Hotter US inflation that drives aggressive Fed tightening and weakens CAD is likely to motivate the Bank of Canada to have greater confidence to shoot past 4% with its policy rate.

Then enter the implications of Canadian fiscal stimulus now that we have details. It will be tough slogging to convince markets on a day like today that spending more won’t drive hotter inflation. In fact, the two-year GoC yield pushed a few basis points even higher as the announcements hit.

  • Increased GST Credit (here): At a cost of $2.5 billion a one-time lump-sum payment will be made before the end of this year. Merry Christmas! Payment will be automatic to 11 million individuals and families.
  • Dental care (here): Tax-free payments of up to $650/kid will be provided starting on December 1st with the exact amount depending upon the family’s income bracket up to $90k. A half-million kids are estimated to be eligible at a cost of nearly $1 billion. The qualifying criteria appear to be lax given the ‘if required’ need to prove that the amounts received went to actual dental care. It’s unclear how long they will have to show receipts, if ever. Incidence analysis will be key in determining the ability of dentists to absorb any possible increase in demand for their services if the proceeds are spent accordingly and the effects on service prices.
  • Canada Housing Benefit top-up (here): At a cost of another $1.2 billion there will be one-time $500 tax-free payments to 1.8 million low-income renters before year-end.

Recall that retail sales equalled about $57 billion in June of this year with July pending. The total ~$4.7 billion cost of the three initiatives is equal to about 8% of nominal retail sales. That’s not to say that a single month of sales will be lifted by this amount. By how much and over what time and on what types of goods and services with the latter underrepresented in retail sales are all highly uncertain and depend upon a number of assumptions but it’s rather likely that some of the amount will be spent.

This is what happened when the child benefit payments were sharply increased in years past with no strings attached to what was done with the proceeds as a surge in sales then gave way to a demand vacuum (chart 10). The lift to spending this time around is likely to be focused upon Q1 and Q2 given the timing of implementation and recognition lags. 

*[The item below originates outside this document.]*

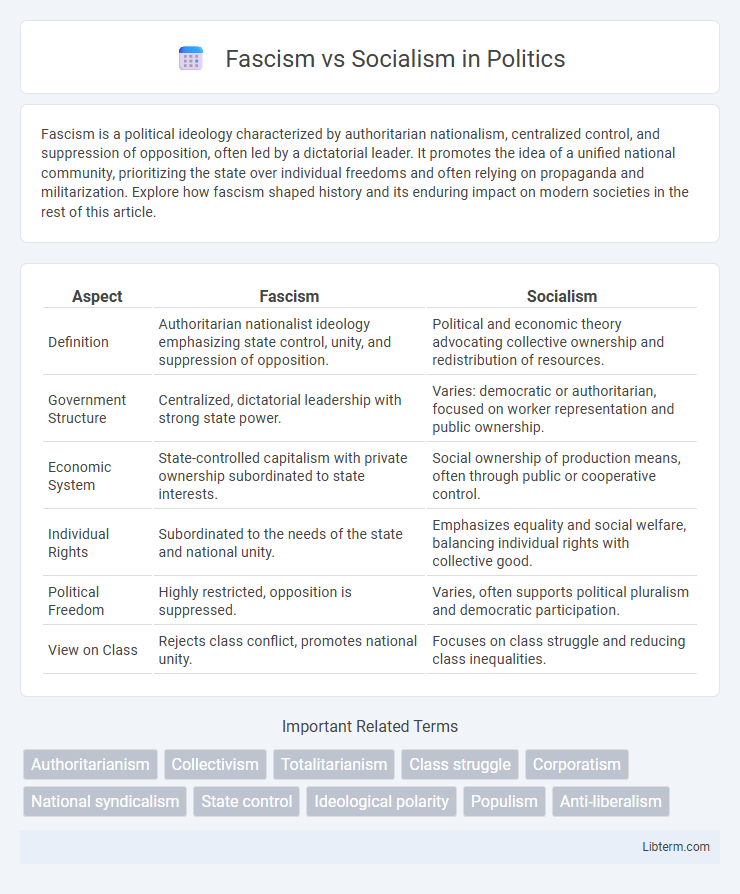 Socialism vs Fascism in Politics - What is The Difference?
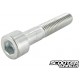 Shock Absorber Bolt Motoforce M10x55 (Piaggio)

We will be assessing the implications for price pressures into H1 but it seems sensible to assume that this will add to pressures on measures of core inflation relative to what would have otherwise occurred and hence aggravate the Bank of Canada’s stance on monetary policy. Any belief that it will ease inflationary pressures must have studied different economics textbooks. The information today suggests that the BoC is likely to be dragged along by the Fed with domestic fiscal stimulus reinforcing the likelihood that the policy rate breaches 4% by December if not October.

Also note that Monday will be a Federal holiday to honour Queen Elizabeth II. That means markets will be shut. Market participants are tracing through the suddenly disruptive implications for settlement, contract expiries, deal timing etc.